Whatever the argument (transparency, traceability, testability, modularity, etc.) all concur to a clear distinction between tiers of complexity. Since those tiers coincide with architectural constraints, they can be easily combined with MDA model layers and provide a principled basis for model engineering.

MDE_tiers
Architectural tiers & model life-cycle
  • The persistency tier set units, actual or symbolic, whose identity and consistency must be maintained independently of business activities. Actual units are active and passive objects with communication channels. Symbolic units (CIMs) can be associated to actual units or stand for documental objects. Their features are described by attributes whose semantics are defined independently by functional domains. Functional units (PIMs) provide a consolidated description of persistency units, and design units describe their implementation.
  • The second tier deal with shared transient  units, actual or symbolic: their identity and consistency has only to be maintained within the context of business activities, possibly in collaboration. Actual units describe the execution states and transitions of business processes. Symbolic ones (CIMs) define the processing rules and can be associated to execution states or describe computations independently of their actual execution. Contrary to the persistency tier, the format and semantics of messages and operations are defined locally. Functional units (PIMs) provide a consolidated description of execution and control units, with messages and operations properly accounted for. Design units describe their implementation, including the resources and mechanisms supporting collaborations.
  • The third tier deal with transient units whose consistency can be checked locally and therefore has no impact on architectural constraints. That include external events (actual units) and roles played by active objects (symbolic units). It must be noted that external events may be associated to persistent (record) or transient (message) symbolic representations. Functional units (PIMs) provide a consolidated description of user interfaces, and design units describe their implementation.
UsecaseLayers
Persistent representations, transient processing, convincing presentation.

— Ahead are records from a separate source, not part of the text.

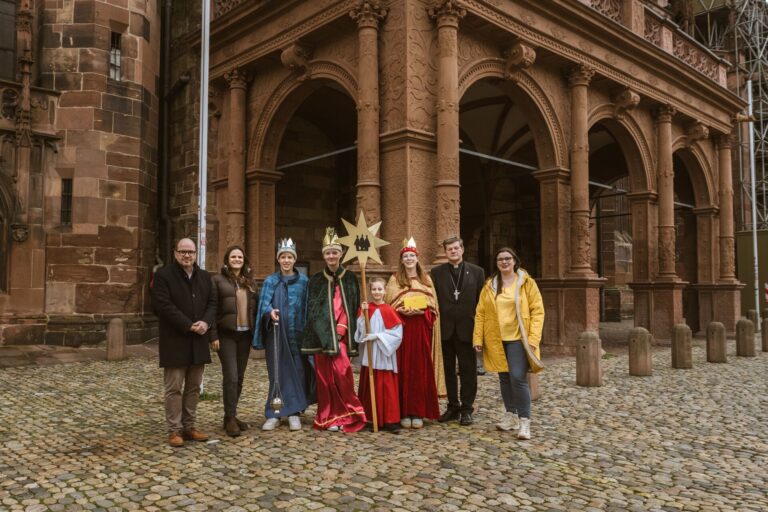 Freiburg: 1.000 Kinder starten Ende Dezember 68. Aktion Dreikönigssingen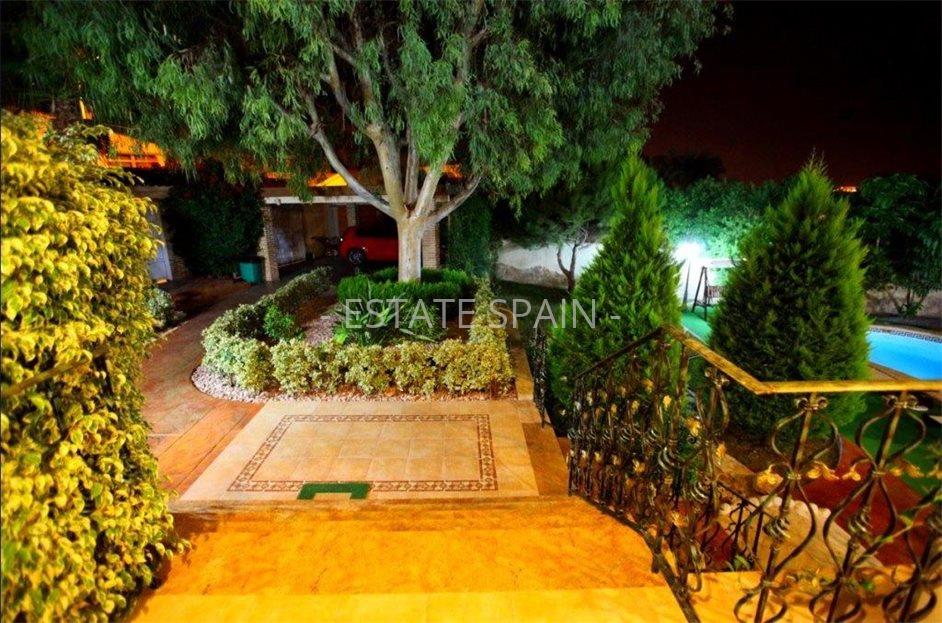 Вилла в Сьюдад-Кесада 370 м2 №VL24636D102  - Продажа - 30 large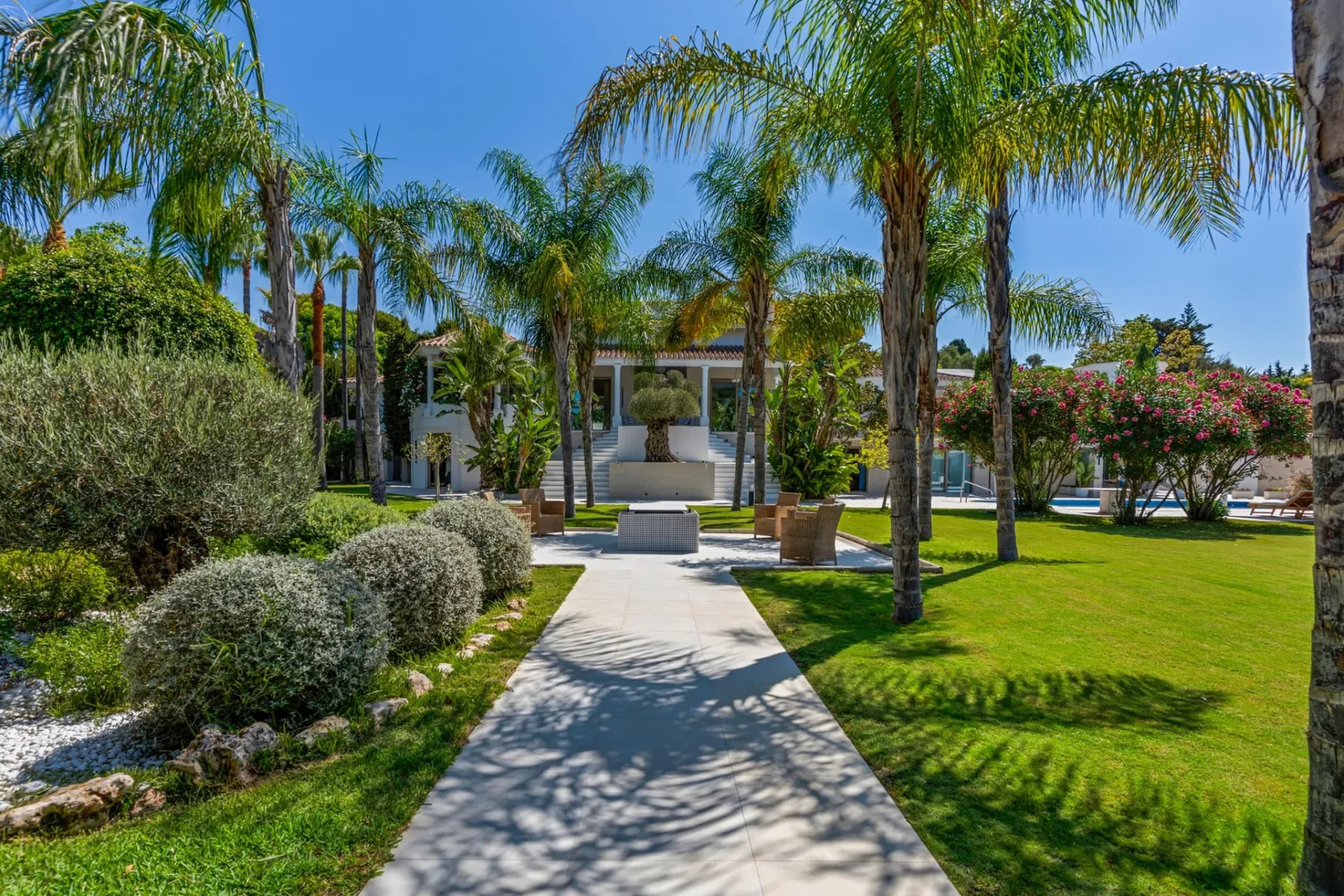 Villa de Lujo Moderna en Guadalmina Baja, Marbella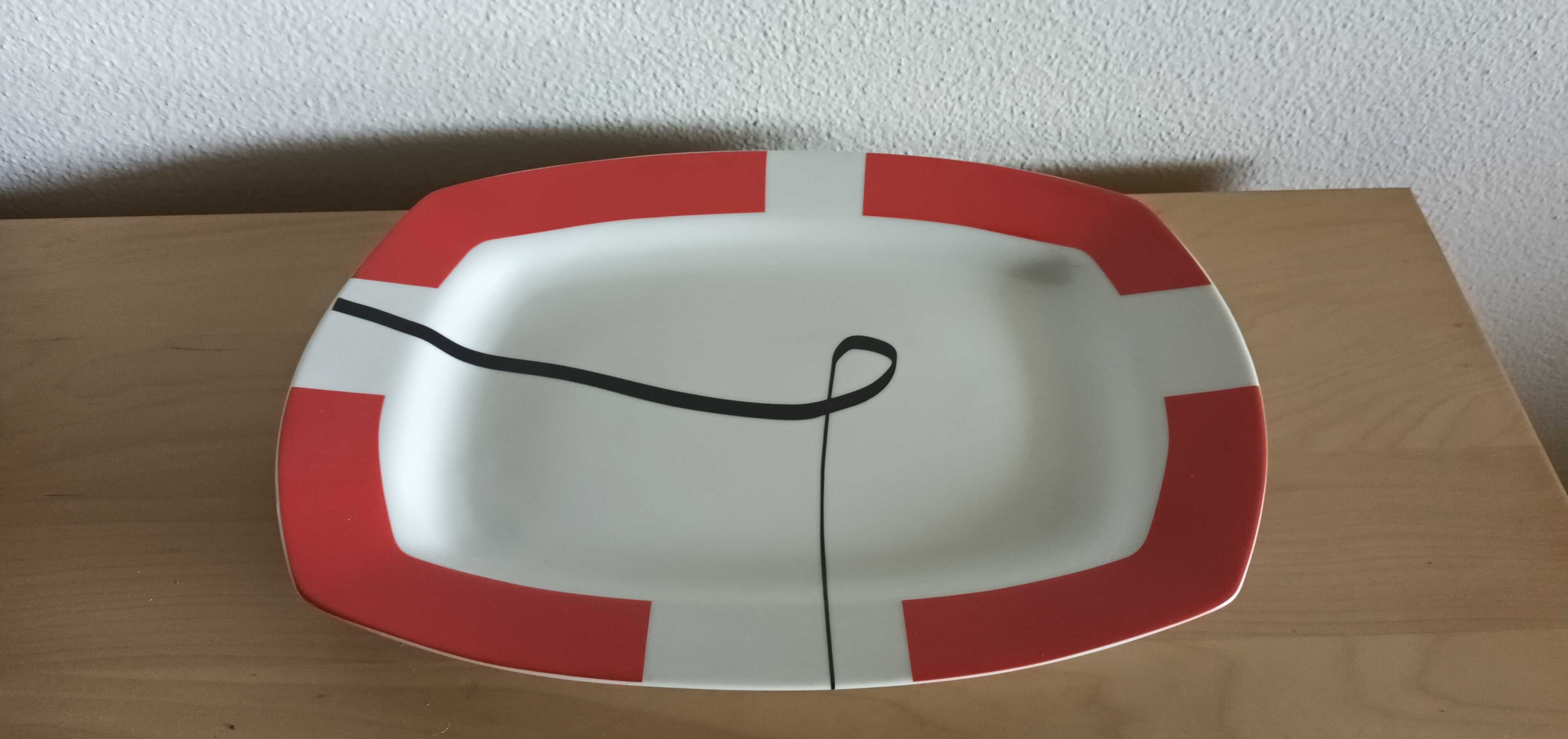 Travessa estilo art déco com etiqueta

On that account, modeling languages are to be assessed with regard to the help they provide for the alignment of actual business objects and behaviors on one hand, with architecture functional layers on the other hand.

Further Readings

External Links

4 thoughts on “Languages and Models”

  1. Very interesting article. It looks like you have incorrectly associated ‘Intentional (connotative)’ and ‘Extensional (denotative)’ I thought Intentional and denotative refer to the dictionary definition. Extensional and connotative refer to examples or concepts suggested by the term. Is that correct?

    1. My understanding is that denotative references directly point to objects or phenomena while connotative ones do that through semantic constructs.

  2. The Caminao approach deals with systems, and the objective is to develop their software components. But initial requirements must describe the behavior of all functional components because decisions about their implementation (human, device, software) is still undecided.
    As illustrated by Standford University, which put Computer Science as a part of Symbolic Systems, the purpose of intermediate language is to translate specific (or natural) ones into symbolic representations executable by computers.

  3. Remy:

    Very good article.

    Some questions:

    Is this theory and explanation applicable only to software or any requirements and implementations?

    If people used only natural language to describe their needs, it is still possible to make things to meet the needs (with some trials). That being so, what purpose do the intermediate languages serve?